Our research takes a fundamentally different and innovative pattern-based defect detection approach that, by applying data mining and statistic techniques into source code and execution profile analysis, will allow us to go beyond syntax information and to automatically extract software-specific semantic information and detect violations. Such semantic information can not only be used as program specification to enhance software productivity but also be used to detect violations and to improve software security, reliability, and quality.
We have conducted some-- research in the proposed direction, in particular, applying data mining in source code analysis to detect copy-paste and related bugs, and implicit programming rules and violations. Our preliminary research have shown promising results: our preliminary tools, CP-Miner and PR-Miner, have detected many new bugs in the latest versions of several large open source software including Linux, Apache, FreeBSD, PostgreSQL, etc with up to millions lines of code.

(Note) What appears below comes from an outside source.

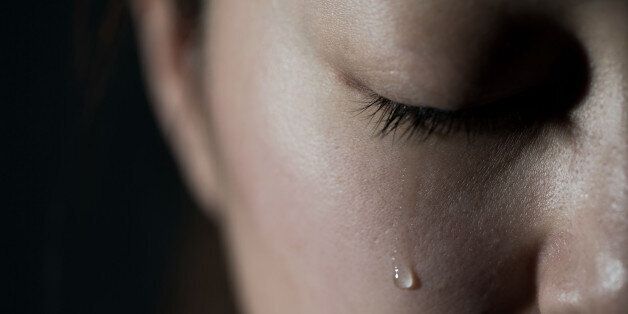 Young woman crying with tear drop.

To validate our idea, we will work to reach the following three research objectives:
Customizing and applying our preliminary pattern-based tools to detect defects in Motorola Software. Since our preliminary tools already work for large open source software, we can easily evaluate them first with Motorola software (source code) to detect software defects. Currently these tools only work with C programs, we need to extend our front-end parsers so that they also work programs written in other programming languages. Additionally,
other software-specific extensions may be necessary to increase the detection accuracy.
Develop new pattern-based techniques to detect other types of defects. We plan to develop more pattern-based techniques such as patch pattern analysis, dynamic execution pattern analysis, etc to detect other types of defects and security volunerabilities in software.
Improve Motorola’s software quality, security and productivity. Our final objective is to provide a set of effectiveautomatic software defect detection tools, which can significantly improve Motorola’s software quality, software security and software development productivity.